## [Assignment]
Return only the lines running from the first line of the listing through the one with "Lật Ngược Tình Thế Chapter 6 trang 28", unchanged.

- - -

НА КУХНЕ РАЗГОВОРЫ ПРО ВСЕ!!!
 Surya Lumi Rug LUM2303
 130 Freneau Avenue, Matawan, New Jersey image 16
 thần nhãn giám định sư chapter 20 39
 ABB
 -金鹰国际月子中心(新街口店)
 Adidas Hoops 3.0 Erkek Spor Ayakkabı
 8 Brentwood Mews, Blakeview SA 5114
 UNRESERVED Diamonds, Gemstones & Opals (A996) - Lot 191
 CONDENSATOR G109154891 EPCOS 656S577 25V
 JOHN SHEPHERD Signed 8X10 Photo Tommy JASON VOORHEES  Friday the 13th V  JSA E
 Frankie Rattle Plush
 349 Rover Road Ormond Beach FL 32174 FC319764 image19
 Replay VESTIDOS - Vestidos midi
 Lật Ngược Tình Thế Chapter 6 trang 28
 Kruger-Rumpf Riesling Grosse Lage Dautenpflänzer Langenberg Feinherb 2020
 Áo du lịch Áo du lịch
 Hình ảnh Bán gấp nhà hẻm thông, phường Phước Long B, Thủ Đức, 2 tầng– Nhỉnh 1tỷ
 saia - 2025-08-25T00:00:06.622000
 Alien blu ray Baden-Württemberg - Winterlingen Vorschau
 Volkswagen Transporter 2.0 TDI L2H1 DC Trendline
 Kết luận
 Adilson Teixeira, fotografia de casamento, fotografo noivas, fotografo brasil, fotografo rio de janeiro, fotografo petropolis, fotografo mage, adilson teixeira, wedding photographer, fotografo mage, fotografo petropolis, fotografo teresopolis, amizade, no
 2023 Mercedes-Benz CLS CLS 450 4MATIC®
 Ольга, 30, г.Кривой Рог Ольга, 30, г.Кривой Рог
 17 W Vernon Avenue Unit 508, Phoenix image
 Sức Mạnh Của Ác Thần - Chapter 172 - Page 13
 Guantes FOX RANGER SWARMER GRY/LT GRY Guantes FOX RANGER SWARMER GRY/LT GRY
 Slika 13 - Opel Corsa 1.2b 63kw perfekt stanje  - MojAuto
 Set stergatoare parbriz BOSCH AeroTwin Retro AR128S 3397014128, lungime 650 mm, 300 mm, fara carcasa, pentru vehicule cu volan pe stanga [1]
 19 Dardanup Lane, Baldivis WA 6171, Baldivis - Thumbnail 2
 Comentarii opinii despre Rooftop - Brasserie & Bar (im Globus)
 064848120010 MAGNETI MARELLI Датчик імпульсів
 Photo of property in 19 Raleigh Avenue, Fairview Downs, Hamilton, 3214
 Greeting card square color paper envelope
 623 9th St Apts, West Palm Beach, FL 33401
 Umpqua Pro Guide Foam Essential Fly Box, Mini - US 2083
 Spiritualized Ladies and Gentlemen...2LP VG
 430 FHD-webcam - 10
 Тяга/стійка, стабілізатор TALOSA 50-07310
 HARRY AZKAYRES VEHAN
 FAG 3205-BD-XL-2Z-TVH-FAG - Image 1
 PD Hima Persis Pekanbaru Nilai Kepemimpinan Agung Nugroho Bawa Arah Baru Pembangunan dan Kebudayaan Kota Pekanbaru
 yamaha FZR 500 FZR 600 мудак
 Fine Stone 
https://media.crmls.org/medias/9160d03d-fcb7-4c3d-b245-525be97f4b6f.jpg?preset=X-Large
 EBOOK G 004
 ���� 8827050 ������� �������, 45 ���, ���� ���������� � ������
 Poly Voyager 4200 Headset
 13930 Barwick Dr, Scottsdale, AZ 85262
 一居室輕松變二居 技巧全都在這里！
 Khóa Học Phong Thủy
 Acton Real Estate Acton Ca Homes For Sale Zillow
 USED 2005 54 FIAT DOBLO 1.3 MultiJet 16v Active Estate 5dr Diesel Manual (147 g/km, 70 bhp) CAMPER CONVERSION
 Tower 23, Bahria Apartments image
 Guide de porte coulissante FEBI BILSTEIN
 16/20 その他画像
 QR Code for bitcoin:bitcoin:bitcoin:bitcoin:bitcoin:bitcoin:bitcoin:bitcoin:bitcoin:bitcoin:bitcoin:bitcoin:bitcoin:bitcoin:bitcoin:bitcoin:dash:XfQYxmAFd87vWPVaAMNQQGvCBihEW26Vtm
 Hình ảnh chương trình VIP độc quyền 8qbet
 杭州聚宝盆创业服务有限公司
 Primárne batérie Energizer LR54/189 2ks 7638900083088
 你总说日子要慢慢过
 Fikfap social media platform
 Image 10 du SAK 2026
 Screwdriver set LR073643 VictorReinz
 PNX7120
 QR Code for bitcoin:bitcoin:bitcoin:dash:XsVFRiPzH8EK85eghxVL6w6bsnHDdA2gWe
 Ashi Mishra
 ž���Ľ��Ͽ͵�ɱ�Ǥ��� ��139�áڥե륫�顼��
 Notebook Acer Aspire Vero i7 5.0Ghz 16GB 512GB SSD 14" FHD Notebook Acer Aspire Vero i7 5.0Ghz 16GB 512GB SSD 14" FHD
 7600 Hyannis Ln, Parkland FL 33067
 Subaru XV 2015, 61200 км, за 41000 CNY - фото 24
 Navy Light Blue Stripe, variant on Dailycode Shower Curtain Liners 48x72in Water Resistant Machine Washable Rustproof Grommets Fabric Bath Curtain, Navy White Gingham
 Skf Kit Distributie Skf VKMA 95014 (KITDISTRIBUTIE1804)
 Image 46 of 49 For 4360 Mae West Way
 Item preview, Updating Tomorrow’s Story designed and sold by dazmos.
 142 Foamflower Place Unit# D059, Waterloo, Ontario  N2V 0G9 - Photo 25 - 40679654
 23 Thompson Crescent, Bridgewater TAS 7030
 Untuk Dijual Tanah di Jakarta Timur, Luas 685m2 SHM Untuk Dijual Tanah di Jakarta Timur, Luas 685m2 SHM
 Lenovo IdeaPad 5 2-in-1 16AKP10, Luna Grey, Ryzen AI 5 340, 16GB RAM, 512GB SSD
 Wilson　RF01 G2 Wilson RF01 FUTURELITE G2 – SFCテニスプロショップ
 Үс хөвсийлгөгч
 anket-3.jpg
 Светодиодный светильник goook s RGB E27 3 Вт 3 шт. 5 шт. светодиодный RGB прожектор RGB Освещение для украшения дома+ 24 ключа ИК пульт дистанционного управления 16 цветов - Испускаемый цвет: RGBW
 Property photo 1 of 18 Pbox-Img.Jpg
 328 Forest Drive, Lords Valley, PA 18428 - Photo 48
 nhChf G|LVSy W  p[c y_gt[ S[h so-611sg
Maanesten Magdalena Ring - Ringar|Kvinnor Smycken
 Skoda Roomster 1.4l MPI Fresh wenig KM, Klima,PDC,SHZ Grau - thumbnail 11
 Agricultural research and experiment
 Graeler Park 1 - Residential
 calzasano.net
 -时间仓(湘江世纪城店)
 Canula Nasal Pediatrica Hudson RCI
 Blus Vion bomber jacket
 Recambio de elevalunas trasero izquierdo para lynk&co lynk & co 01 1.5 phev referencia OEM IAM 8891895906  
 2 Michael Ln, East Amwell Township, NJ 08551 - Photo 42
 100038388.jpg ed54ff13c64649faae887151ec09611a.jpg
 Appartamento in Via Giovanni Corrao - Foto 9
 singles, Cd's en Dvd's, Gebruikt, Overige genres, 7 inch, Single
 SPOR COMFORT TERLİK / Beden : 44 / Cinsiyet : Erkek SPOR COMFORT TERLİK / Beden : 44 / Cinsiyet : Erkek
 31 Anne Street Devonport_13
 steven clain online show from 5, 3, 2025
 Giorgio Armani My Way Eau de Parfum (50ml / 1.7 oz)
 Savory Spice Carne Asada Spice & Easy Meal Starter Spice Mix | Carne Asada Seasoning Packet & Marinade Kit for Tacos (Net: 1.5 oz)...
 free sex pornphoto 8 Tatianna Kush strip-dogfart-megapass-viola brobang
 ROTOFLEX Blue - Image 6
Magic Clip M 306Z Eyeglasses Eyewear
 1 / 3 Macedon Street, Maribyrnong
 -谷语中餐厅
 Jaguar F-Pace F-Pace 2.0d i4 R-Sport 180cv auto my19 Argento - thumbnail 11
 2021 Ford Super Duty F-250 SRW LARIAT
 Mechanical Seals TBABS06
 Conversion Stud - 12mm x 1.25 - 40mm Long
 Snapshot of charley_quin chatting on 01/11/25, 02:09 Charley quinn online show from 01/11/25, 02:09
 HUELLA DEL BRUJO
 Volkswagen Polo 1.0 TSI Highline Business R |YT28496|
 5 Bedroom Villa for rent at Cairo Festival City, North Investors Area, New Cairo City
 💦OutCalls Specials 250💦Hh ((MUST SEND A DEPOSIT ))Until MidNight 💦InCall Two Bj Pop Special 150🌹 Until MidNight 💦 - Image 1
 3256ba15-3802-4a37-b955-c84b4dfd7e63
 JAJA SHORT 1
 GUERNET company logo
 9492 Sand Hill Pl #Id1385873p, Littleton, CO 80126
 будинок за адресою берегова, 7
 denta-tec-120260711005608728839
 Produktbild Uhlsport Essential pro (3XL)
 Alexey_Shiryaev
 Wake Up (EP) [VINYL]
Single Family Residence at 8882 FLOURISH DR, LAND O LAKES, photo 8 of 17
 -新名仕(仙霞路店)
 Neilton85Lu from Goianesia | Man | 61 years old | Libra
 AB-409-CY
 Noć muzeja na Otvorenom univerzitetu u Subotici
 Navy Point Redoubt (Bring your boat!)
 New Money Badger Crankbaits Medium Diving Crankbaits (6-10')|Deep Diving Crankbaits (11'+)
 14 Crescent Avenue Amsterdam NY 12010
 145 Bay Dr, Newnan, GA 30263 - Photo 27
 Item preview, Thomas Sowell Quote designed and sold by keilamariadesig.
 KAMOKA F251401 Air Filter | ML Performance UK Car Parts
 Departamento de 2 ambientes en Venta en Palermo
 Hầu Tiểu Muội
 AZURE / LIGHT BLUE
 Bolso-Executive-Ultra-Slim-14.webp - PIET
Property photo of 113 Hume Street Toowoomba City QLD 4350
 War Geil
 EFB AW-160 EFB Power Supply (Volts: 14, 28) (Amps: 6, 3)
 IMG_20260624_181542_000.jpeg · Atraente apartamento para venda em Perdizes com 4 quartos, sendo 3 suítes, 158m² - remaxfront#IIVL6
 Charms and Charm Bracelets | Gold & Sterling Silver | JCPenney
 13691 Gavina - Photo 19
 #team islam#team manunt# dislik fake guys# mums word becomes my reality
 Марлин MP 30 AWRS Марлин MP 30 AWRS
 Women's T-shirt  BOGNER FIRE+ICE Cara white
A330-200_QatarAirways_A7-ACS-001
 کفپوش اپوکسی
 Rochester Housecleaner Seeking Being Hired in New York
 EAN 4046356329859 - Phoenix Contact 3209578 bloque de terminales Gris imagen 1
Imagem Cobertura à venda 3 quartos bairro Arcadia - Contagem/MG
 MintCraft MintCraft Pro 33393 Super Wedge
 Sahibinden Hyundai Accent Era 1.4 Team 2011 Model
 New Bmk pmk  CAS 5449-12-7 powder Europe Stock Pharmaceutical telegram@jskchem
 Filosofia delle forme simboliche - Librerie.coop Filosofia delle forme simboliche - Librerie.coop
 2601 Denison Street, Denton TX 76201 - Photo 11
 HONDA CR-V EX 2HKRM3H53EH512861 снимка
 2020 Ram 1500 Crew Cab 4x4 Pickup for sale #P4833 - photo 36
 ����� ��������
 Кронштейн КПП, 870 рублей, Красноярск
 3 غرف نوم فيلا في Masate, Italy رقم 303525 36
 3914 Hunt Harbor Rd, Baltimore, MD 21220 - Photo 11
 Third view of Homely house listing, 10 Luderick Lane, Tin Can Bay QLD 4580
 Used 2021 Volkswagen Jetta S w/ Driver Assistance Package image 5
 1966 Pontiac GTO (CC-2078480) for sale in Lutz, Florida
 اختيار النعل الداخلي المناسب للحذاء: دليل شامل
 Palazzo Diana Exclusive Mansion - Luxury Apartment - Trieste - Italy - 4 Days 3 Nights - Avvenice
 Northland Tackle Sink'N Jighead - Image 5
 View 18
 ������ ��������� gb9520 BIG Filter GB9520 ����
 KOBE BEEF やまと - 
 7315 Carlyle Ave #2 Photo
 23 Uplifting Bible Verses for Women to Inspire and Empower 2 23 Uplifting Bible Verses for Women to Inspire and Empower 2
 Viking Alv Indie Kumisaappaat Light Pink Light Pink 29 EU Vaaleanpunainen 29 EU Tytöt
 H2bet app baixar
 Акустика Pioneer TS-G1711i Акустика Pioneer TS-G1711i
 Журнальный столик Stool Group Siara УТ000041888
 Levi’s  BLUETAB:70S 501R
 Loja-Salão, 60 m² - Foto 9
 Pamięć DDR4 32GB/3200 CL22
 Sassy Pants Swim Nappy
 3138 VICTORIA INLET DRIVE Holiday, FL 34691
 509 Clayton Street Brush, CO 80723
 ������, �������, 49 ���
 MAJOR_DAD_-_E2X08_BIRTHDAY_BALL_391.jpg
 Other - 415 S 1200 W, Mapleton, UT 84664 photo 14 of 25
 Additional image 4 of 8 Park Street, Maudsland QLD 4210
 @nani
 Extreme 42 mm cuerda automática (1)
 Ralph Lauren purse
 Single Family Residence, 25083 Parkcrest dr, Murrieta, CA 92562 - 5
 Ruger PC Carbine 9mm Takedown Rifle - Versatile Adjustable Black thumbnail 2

- - -

## [Output for this exercise]
НА КУХНЕ РАЗГОВОРЫ ПРО ВСЕ!!!
 Surya Lumi Rug LUM2303
 130 Freneau Avenue, Matawan, New Jersey image 16
 thần nhãn giám định sư chapter 20 39
 ABB
 -金鹰国际月子中心(新街口店)
 Adidas Hoops 3.0 Erkek Spor Ayakkabı
 8 Brentwood Mews, Blakeview SA 5114
 UNRESERVED Diamonds, Gemstones & Opals (A996) - Lot 191
 CONDENSATOR G109154891 EPCOS 656S577 25V
 JOHN SHEPHERD Signed 8X10 Photo Tommy JASON VOORHEES  Friday the 13th V  JSA E
 Frankie Rattle Plush
 349 Rover Road Ormond Beach FL 32174 FC319764 image19
 Replay VESTIDOS - Vestidos midi
 Lật Ngược Tình Thế Chapter 6 trang 28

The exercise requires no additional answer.